On your boat analogy, the 'speed of the boat' is a function of drag and hence it affects the upstream progress. The increased power from the motor obviously overpowers the increase drag of the props etc... The boat obviously won't go any faster than the downstream current, but thats not the question...Another example is say, you were dragging a sheet of plywood facing parallel to the current and then moved so that it was perpendicular. Your mass hasn't increased, but you drag has....and hence the speed of your boat drops since there is no offseting increase in power.

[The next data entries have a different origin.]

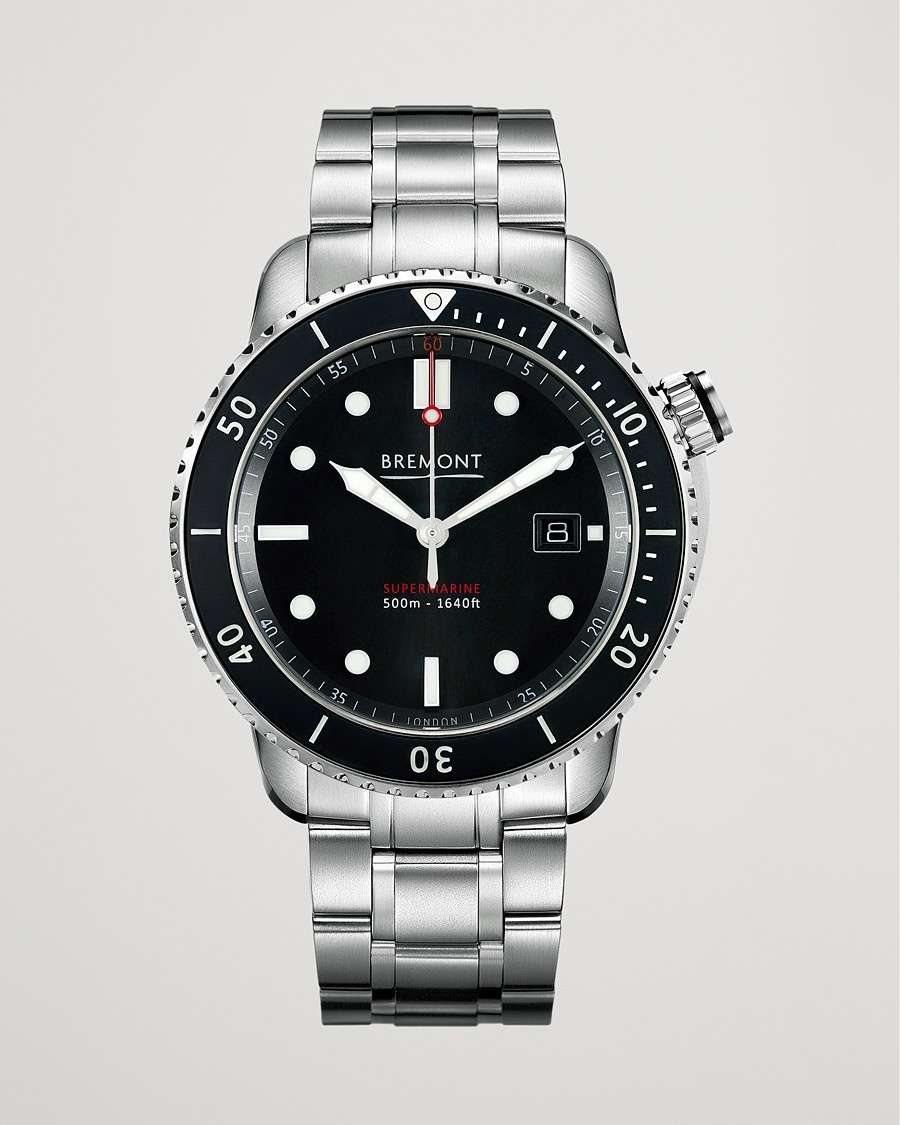Heren | | Bremont | S500 Supermarine 43mm Steel Bracelet Black Dial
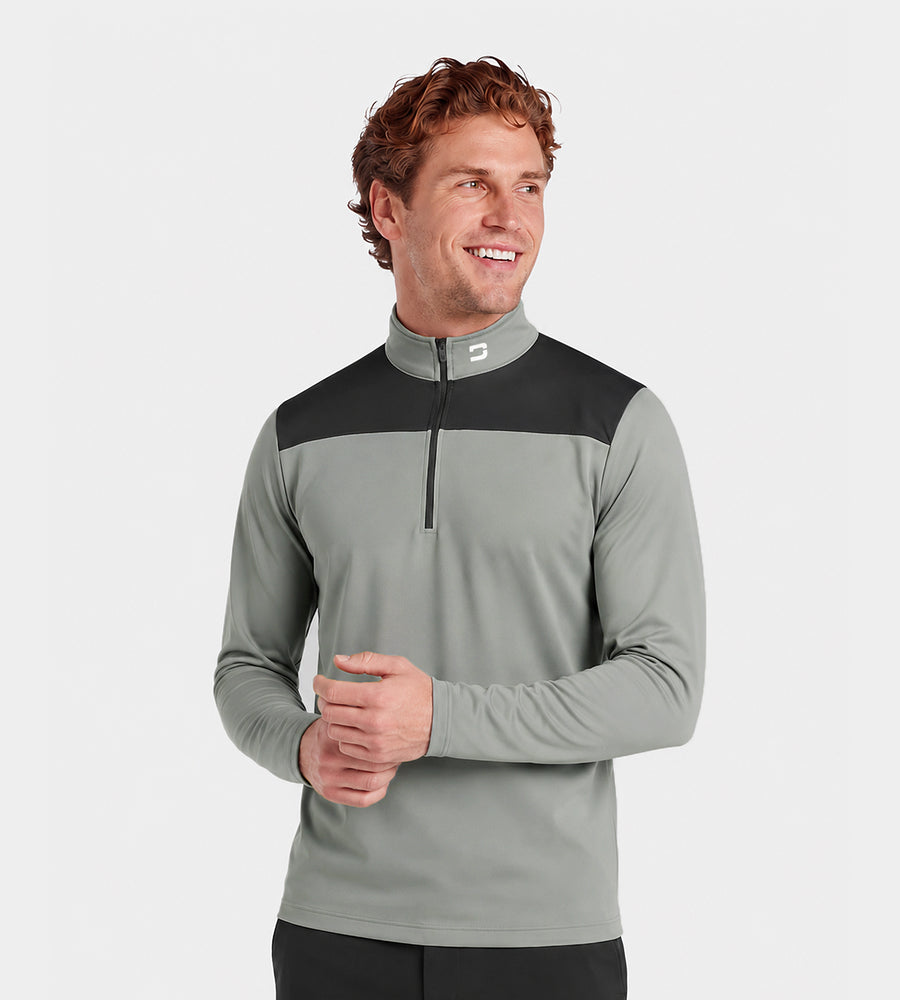 TWO-TONE MIDLAYER - GREY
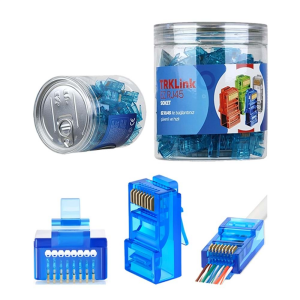 TRKLINK EZ RJ45 Konnektör 100lü Paket Mavi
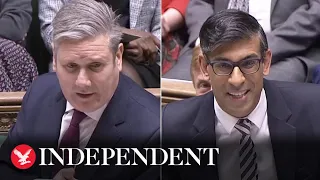 The full exchange: Rishi Sunak and Keir Starmer clash over financial crisis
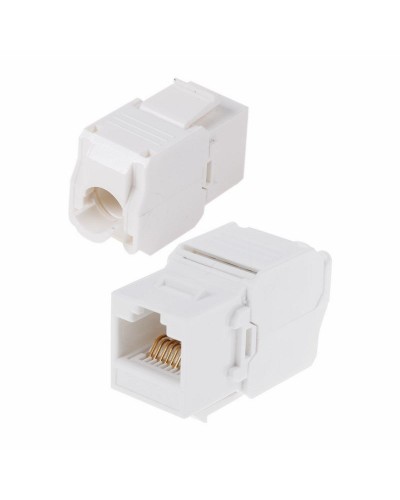 Модуль Keystone Jack RJ-45(8P8C) UTP, CAT 6, тип 180 градусов, самозажимной, белый REXANT (05-1052): Модуль Keystone Jack в Калуге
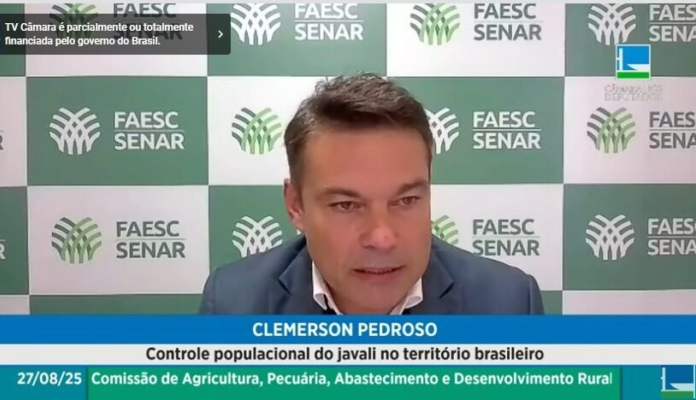 FAESC participa de audiência pública da Câmara dos Deputados que defende agilidade no controle de javalis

On your bubble analogy, I suspect that bubbles rise and the same rate because the ratio of their size (surface area) to their lift is constant. As the size of the bubble increases so does their proportional lift.
 
The question boils down to

Does the increase in lift from the inflated BCD offset any increase in drag? I believe that the drag is soley a function of surface area (and hence frictionable contact area) and is constant with respect to the speed of the current. That is my drag (not speed) is constant regardless if I am in a 2 knot downward current or 20 knot downward current....or in a 0 knot downward current.

Since I know that a fully inflated BCD in a 0 knot downcurrent current will ascend, I know that the upward force (lift) of the BCD is greater than the increased drag.

What I don't know is whether the net increase in lift will be sufficient to offset the downward current, but thats not the point. The point is that adding air to your BCD is not wrong due to increased drag.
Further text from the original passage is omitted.